At the Cisco AI Summit, Matt Garman, CEO of Amazon Web Services, joined Jeetu Patel to discuss why many enterprises stall between AI pilots and production—and what that means for infrastructure at scale. Garman said the most common gap is the absence of clear success metrics at the start of AI projects, which leaves organizations unable to decide which proofs of concept deserve global deployment.
Garman said production AI forces infrastructure decisions well beyond model selection. As inference becomes embedded in every application, AWS is integrating AI natively across storage, networking, VPCs, identity, and security controls. He described this as a shift toward treating inference as a first-class infrastructure primitive rather than a standalone workload. That approach, he said, drives demand for predictable scaling, secure agent identity, and tighter integration between compute, network, and data planes—areas where early pilots often break down.
On silicon and economics, Garman said AWS’s long-term investment in custom chips has become central to both performance and cost control. While NVIDIA GPUs remain critical, he said AWS silicon allows the company to offer customers better price-performance and architectural choice, especially for inference.
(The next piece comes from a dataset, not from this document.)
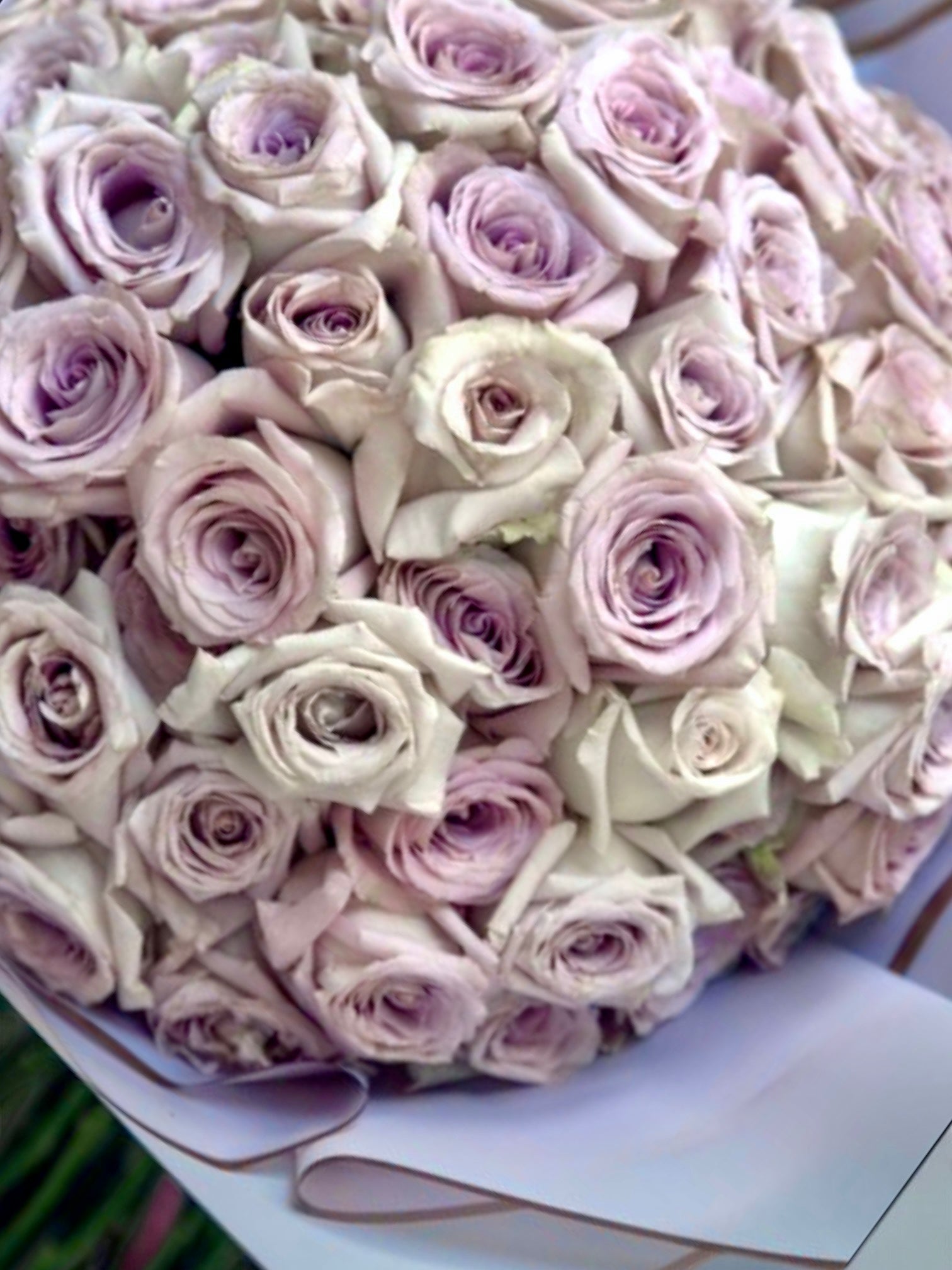 Gentle Angle - 50 Beautiful premium lilac roses - Maison la Fleur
He emphasized that infrastructure constraints today are as much physical as financial, citing power availability, construction timelines, and permitting as limiting factors, while dismissing near-term feasibility of space-based data centers due to launch economics and logistics.
- AWS sees inference becoming embedded in every application, not a separate AI tier
- Scaling AI requires tight integration across compute, networking, storage, identity, and security
- Custom AWS silicon improves price-performance versus GPU-only architectures, particularly for inference
- Network and VPC integration are critical as agents operate across distributed systems
- Data center growth is constrained by power, permitting, and construction timelines, not capital alone
- Space-based data centers remain economically impractical due to launch and logistics costs
“When you have guardrails—security, identity, and operational controls—teams can move fast in production,” Garman said. “Our job is to give customers safe places to run fast, all the way from silicon up through the application.”